IBM forecasts earnings of $9.20 a share in 2009, up from $8.93 in 2008. What has greatly enhanced IBM's performance is its increased focus on its software systems and services, with less emphasis on hardware. Software accounts for some 44% of profits, services make up 36%, and hardware/technology 17%. IBM has been boosting margins through increased cost cutting, including labor cutbacks, and share buybacks.

Peter Misek of Canaccord Capital says IBM remains "one of our favorite large-cap defensive tech names" based on its track record to date, balance sheet, cash flow, and global footprint.

Amitabh Goel of research outfit First Global, who rates IBM "moderate outperform," says IBM has been focusing on boosting margins to counter the decline in revenues and deliver tidy profits. As a result, IBM appears to be a "safe bet" amid the global uncertainty, says Goel.

Unless otherwise noted, neither the sources cited in Inside Wall Street nor their firms hold positions in the stocks under discussion. Similarly, they have no investment banking or other financial relationships with them.

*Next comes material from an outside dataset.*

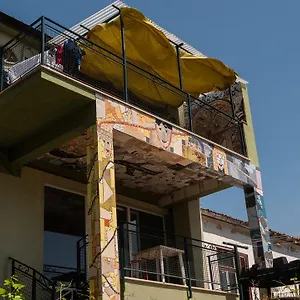  Hostal Art & Joy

Varian Is a Force Against Cancer

With the recession forcing hospitals to cut back on spending, analysts expected disappointing December-quarter news from Varian Medical Systems (VAR) (VAR), the leading global supplier of equipment and software used in cancer treatment, including X-ray tubes and imaging systems. Instead, Varian posted better-than-expected operating earnings of 56 cents a share, up from 46 cents a year ago.

Cindy Axelrod of Glenmede Investment Management, which owns shares, says hospitals aren't likely to cut back on buying Varian products since oncology is one of the most profitable units in many hospitals. She rates Varian, now at 37.12 a share, a buy. It's up from its 52-week low of 30 on Jan. 8.

Dalton Chandler of investment firm Needham also tags Varian (a client) a buy. He sees it at 65 in a year, based on his estimate of $2.60 a share in 2009 and $2.96 in 2010.

Unless otherwise noted, neither the sources cited in Inside Wall Street nor their firms hold positions in the stocks under discussion. Similarly, they have no investment banking or other financial relationships with them.